Monday, October 13, 2003

I'm Just Looking For You To Feel Sorry For Me

"You're not in the world, Casper."
-Angel cruelly to Spike

Every year for a little more than a decade we've devoted the last issue of the newsletter to top ten lists- personal lists of the ten most important discoveries, memories, moments from the previous year. It's trendy, it's hip, and over the years the contributions have dried to a trickle the size of Rush Limbaugh's ability to say "no" to the nearest cheap shot or most available $340 painkiller.

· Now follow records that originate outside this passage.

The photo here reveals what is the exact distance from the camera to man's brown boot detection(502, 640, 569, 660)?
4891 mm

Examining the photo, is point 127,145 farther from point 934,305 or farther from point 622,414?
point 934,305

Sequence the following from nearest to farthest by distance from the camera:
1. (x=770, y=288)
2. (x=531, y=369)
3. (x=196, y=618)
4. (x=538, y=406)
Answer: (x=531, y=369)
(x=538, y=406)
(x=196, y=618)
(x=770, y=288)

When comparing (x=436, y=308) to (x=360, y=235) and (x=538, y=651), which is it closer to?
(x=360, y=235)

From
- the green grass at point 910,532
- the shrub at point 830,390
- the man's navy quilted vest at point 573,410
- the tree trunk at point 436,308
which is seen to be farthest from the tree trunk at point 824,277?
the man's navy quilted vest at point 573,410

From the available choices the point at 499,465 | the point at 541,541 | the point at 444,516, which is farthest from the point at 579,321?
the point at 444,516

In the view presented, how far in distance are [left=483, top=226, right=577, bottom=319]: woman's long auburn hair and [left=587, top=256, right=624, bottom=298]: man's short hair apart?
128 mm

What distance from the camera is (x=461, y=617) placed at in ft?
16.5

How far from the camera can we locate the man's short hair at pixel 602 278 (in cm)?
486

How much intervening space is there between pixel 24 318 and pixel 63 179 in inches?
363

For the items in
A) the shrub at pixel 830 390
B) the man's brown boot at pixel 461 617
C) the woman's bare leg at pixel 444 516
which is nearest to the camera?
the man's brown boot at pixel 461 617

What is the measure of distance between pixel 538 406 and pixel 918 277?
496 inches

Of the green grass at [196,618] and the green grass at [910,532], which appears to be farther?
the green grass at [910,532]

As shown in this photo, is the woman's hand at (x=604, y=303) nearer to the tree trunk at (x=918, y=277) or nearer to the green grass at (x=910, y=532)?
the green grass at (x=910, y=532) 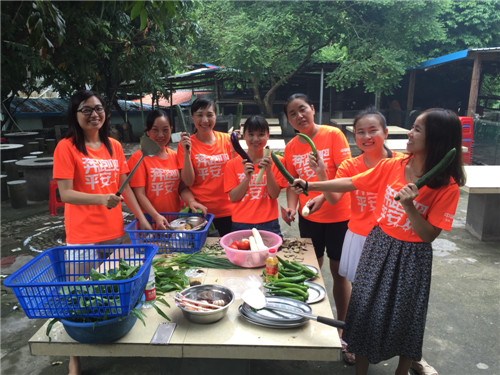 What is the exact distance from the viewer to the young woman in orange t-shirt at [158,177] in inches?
127

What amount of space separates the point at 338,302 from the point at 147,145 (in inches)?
87.6

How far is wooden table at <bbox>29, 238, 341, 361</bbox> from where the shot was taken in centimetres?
181

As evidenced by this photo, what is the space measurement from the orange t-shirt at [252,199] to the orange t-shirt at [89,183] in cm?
100

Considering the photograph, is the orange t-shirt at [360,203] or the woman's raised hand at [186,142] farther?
the woman's raised hand at [186,142]

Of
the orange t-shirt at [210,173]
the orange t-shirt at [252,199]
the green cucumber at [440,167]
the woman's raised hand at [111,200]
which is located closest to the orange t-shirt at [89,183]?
the woman's raised hand at [111,200]

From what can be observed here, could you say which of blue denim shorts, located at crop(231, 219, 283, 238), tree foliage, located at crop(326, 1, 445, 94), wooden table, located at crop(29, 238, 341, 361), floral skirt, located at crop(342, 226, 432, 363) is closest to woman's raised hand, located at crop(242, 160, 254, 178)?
blue denim shorts, located at crop(231, 219, 283, 238)

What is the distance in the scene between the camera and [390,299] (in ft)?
7.66

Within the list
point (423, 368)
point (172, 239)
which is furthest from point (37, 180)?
point (423, 368)

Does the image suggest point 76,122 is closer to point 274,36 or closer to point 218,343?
point 218,343

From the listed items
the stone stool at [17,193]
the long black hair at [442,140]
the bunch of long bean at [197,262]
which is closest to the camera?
the long black hair at [442,140]

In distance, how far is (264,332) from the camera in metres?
1.92

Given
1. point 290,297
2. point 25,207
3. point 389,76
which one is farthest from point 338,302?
point 389,76

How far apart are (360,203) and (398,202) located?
0.53 metres

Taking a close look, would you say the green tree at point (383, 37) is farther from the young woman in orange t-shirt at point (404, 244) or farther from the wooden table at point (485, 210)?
the young woman in orange t-shirt at point (404, 244) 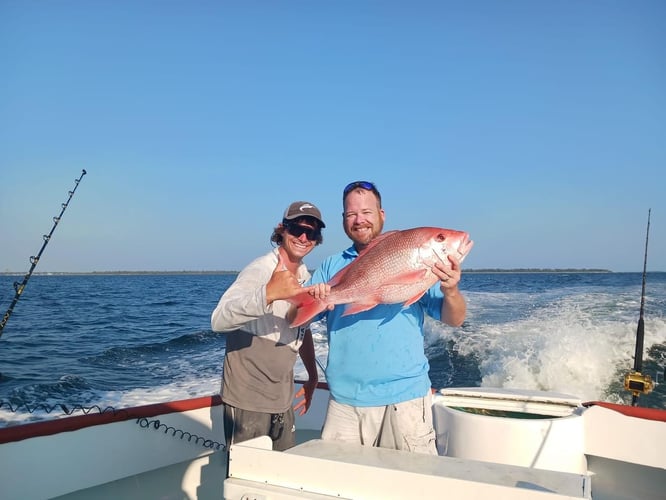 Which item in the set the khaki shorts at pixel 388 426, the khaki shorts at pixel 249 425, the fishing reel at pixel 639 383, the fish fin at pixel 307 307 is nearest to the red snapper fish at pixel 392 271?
the fish fin at pixel 307 307

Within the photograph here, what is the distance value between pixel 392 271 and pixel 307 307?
0.54 metres

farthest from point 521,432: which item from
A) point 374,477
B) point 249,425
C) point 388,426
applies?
point 374,477

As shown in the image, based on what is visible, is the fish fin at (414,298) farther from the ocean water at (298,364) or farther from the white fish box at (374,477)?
the ocean water at (298,364)

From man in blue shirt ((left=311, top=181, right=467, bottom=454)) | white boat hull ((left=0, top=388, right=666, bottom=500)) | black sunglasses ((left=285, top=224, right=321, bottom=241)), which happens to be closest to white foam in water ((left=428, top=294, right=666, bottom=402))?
white boat hull ((left=0, top=388, right=666, bottom=500))

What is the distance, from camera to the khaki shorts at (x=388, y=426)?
2705 mm

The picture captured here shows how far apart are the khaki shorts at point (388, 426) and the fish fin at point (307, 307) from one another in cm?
56

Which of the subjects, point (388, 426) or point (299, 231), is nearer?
point (388, 426)

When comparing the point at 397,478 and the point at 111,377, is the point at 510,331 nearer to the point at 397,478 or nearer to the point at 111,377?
the point at 111,377

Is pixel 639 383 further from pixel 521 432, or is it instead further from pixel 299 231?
pixel 299 231

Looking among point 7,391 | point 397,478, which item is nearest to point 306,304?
point 397,478

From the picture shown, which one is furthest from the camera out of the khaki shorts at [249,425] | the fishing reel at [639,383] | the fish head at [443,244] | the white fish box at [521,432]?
the fishing reel at [639,383]

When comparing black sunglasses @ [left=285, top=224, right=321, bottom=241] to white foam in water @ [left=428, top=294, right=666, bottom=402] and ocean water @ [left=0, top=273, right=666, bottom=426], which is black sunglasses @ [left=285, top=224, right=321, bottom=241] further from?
white foam in water @ [left=428, top=294, right=666, bottom=402]

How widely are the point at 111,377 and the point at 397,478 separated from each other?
37.6 feet

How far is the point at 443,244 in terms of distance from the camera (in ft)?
9.38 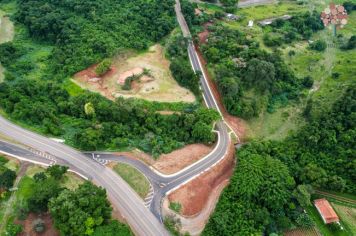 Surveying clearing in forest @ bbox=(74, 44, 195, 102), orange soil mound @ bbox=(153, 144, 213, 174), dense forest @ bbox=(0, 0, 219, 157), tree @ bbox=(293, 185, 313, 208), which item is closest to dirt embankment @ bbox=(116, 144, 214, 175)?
orange soil mound @ bbox=(153, 144, 213, 174)

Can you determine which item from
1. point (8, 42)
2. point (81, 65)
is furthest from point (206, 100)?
point (8, 42)

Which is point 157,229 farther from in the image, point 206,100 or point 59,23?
point 59,23

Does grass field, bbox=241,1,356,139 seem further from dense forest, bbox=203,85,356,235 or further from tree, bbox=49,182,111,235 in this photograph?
tree, bbox=49,182,111,235

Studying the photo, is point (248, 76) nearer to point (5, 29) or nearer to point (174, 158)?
point (174, 158)

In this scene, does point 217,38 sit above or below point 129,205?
above

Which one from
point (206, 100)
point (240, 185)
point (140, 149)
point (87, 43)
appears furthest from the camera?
point (87, 43)

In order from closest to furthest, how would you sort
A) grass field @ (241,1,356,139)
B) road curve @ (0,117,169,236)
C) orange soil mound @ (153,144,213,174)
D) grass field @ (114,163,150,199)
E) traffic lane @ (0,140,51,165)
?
road curve @ (0,117,169,236), grass field @ (114,163,150,199), traffic lane @ (0,140,51,165), orange soil mound @ (153,144,213,174), grass field @ (241,1,356,139) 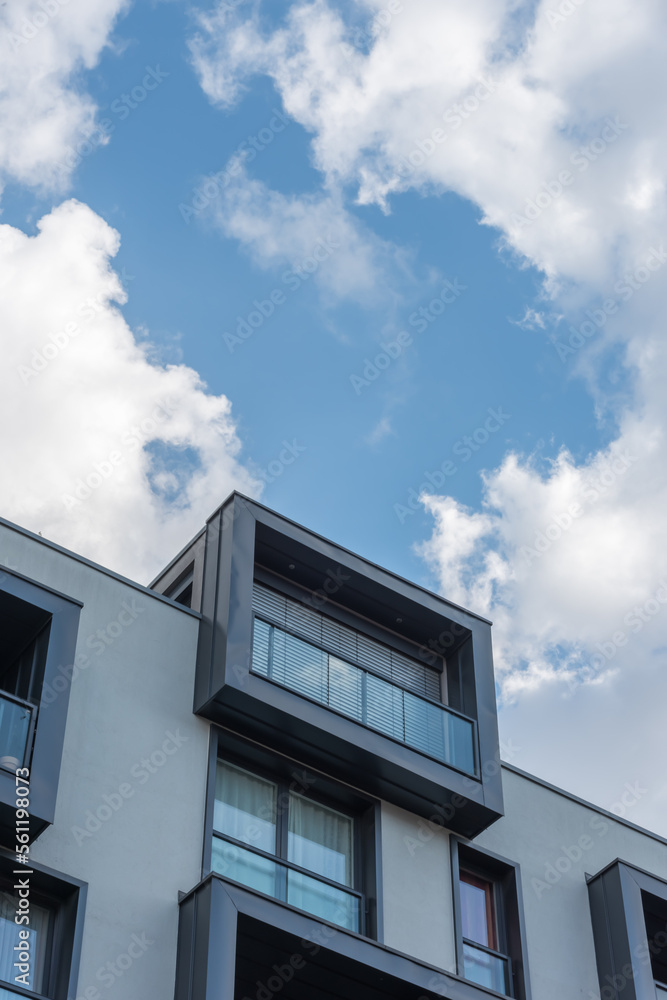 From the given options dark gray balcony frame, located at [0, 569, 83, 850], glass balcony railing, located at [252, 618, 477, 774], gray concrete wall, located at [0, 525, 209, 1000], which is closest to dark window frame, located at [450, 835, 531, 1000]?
glass balcony railing, located at [252, 618, 477, 774]

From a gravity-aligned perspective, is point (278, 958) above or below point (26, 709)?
below

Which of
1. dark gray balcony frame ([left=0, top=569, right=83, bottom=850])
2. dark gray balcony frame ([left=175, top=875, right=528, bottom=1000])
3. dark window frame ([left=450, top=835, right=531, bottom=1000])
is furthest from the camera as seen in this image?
dark window frame ([left=450, top=835, right=531, bottom=1000])

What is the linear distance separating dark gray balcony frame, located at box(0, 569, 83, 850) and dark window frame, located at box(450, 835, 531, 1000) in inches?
265

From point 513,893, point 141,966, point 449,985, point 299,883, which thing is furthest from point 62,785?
point 513,893

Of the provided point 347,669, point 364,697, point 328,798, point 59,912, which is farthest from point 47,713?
point 364,697

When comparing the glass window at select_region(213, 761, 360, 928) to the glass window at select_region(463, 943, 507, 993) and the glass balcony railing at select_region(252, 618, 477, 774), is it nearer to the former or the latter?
the glass balcony railing at select_region(252, 618, 477, 774)

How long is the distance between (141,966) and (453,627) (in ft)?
29.8

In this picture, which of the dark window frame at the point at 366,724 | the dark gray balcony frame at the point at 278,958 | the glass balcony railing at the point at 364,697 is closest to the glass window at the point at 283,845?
the dark gray balcony frame at the point at 278,958

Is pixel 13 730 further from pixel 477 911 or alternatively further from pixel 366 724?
pixel 477 911

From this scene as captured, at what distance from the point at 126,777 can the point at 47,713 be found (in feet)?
4.93

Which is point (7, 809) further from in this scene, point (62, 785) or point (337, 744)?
point (337, 744)

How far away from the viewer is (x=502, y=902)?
836 inches

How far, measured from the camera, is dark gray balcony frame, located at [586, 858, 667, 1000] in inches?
818

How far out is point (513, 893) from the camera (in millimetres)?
21172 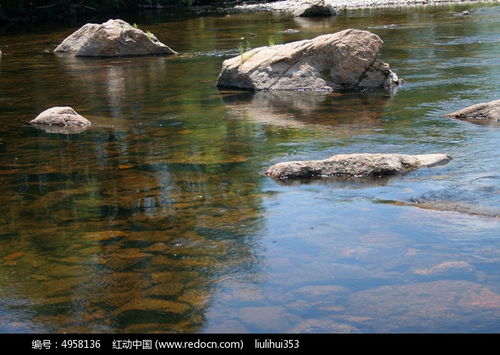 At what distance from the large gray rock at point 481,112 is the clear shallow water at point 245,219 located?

This year for the first time I've sorta kept a running list (I'm getting up there in years you know). And on that list is an inordinate (and unprecedented) amount of activity shared with a friend who I know is frustrated with me more often than not but who has the rare ability to notice the things I notice and thus is as good a witness to history as any other in this version of my life (8.0?). This particular person has noticed that in my rare public appearances that we tend to stand in spots where people end up brushing against me even though there may be miles and miles of other air that could be occupied at that very moment. Yes it sometimes feels like I'm in a place just a little out of sync with others, and this time discrepancy not only manifests itself in unnecessary physical encounters but sometimes the type of mental anguish that can extinguish a good's night sleep here or there or everywhere.

So I went to the dentist the other day, not a favorite thing of mine to do, and I think I may have been diagnosed with a terminal gum disease. Dr. Hill cheerfully described what he thought was going on inside my mouth (ewwww) with x-ray pictures that sort of backed what he was saying- painting a mental picture of the most grim scenario possible -plaque or bacteria making a desperate run for things and ending up somewhere that would cause the most painful demise in written history- even though I've not only been a regular brusher but also a flosser (it's been the favorite part of my day for the past 26 years for God's sake!) but none of it can probably counteract the two or three years I went without visiting the dentist.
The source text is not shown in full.